The BC tourism system needs to be a model for collaboration that allows everyone in the system to become more specialized and excellent in its work. We need to create a truly integrated, interdependent network that perform with excellence and add incremental value that cannot be achieved alone.
The Provincial Government
Destination British Columbia takes the lead role in tourism development, management and marketing programs in key domestic and international markets, working closely with private sector operators and industry groups and other government ministries to create an integrated approach in B.C. It is Destination British Columbia's role to increase demand for all tourism products and regions of B.C., for the benefit of the entire industry.
On October 25, 2011, Premier Christy Clark introduced a new strategy for the tourism sector called Gaining the Edge as part of Canada Starts Here: The BC Jobs Plan. This five-year plan maps out key areas of focus that will help tourism fulfill its true potential, stimulating sector growth with increasing visitation, revenue and employment. The Gaining the Edge tourism strategy can be found here.
To find out further information about the Ministry of Jobs, Tourism and Skills Training see the Ministry Service Plan.
The Federal Government and the Canadian Tourism Commission
Industry Canada is part of the Federal Government and within this department are a variety of programs including small business and tourism. Under Industry Canada’s portfolio is the Canadian Tourism Commission (CTC), a federal Crown Corporation that is Canada’s national marketing organization. The CTC works in partnership with the country's tourism industry to implement the Federal Tourism Strategy: Welcoming the World to increase awareness of and interest in Canada as a premiere tourism destination.
Learn more about the Canadian Tourism Commission
Other Levels of Government
Above and beyond tourism specific areas of government, other federal and provincial government ministries, agencies, as well as municipal and regional governments are responsible for infrastructure development, policy and regulation. They have a significant impact on the way the tourism industry develops and the rate at which it is able to grow. These different organizations undertake those activities that are beyond the scope of individual operators or tourism industry organizations/ associations to deliver. Areas of government responsibility include transportation infrastructure, Agricultural Land Reserve, First Nations treaty negotiations, land tenure, Backcountry Recreation Policy, fees and licenses, and regulations and processes.
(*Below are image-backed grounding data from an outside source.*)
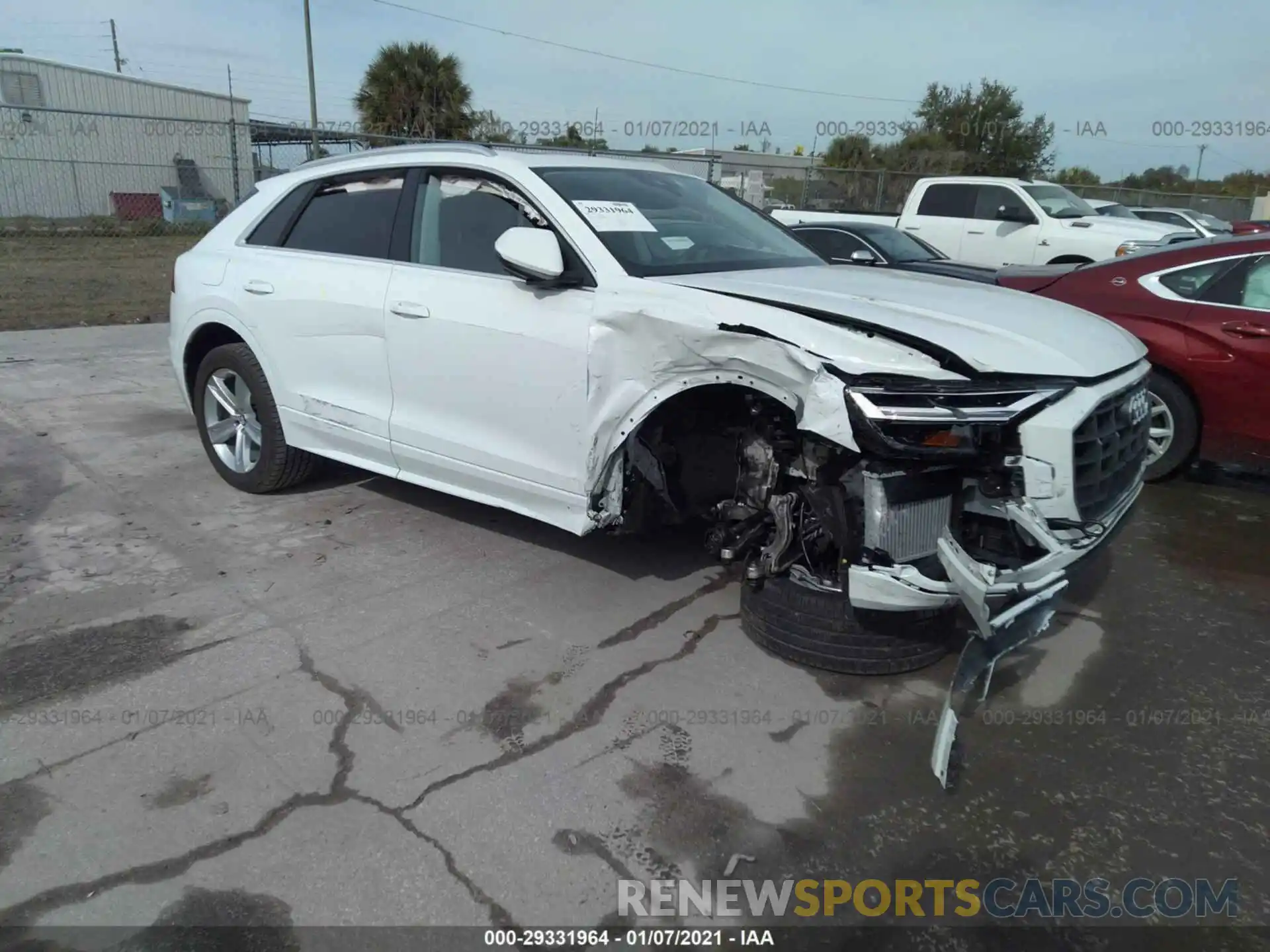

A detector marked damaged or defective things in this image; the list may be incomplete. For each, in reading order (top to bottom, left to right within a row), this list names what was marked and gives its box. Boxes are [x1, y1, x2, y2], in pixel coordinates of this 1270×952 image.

crumpled fender [579, 288, 947, 497]
damaged hood [659, 264, 1148, 378]
cracked asphalt [0, 324, 1265, 947]
detached front wheel [746, 574, 952, 677]
severe front-end damage [582, 288, 1154, 788]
Regional Destination Marketing Organizations
There are several Regional Destination Marketing Organizations (RDMOs) within B.C. Each RDMO is registered under the Societies Act and each is governed by a regional Board of Directors. The RDMOs are contracted by Destination British Columbia to deliver a range of tourism programs in their region, which ultimately benefit communities and tourism businesses.
Learn more about RDMOs .
There are many communities in B.C. marketing themselves as tourism destinations. Some are managed as formal organizations and registered societies while others are managed as parts of Chambers of Commerce or volunteer organizations. Many receive a portion of their operational funding from the Provincial Government (the “Province”) in the form of the Municipal and Regional District Tax. Some destinations are marketing a single community while others are marketing a group of communities based on geography, driving routes and other factors relevant to the consumer.
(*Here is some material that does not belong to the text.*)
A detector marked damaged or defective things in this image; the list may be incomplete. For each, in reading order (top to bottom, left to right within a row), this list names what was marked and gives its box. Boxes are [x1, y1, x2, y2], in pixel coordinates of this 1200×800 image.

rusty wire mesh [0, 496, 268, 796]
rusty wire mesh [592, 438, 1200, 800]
Learn more about Community Partners.
A number of associations, consortiums and product sector organizations represent the interests of B.C.’s tourism industry at the national and provincial levels. These groups address product development, coordination, cooperative marketing and advocacy to assist tourism industry operators with their day-to-day business activities.
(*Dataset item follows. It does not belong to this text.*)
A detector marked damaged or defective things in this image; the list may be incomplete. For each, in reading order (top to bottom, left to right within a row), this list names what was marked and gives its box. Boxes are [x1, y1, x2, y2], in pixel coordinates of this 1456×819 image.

Learn more about Industry Partners.
18,000 Tourism Businesses and growing
B.C.'s tourism industry is comprised of over 18,000 tourism-related businesses, that have been classified into six categories including Accommodation, Transportation, Recreation and Entertainment, Travel Services, Food and Beverage, and Retail. Within each of the six categories, there are many different types of tourism-related businesses, services and product offerings all working to deliver tourism experiences to the visitor.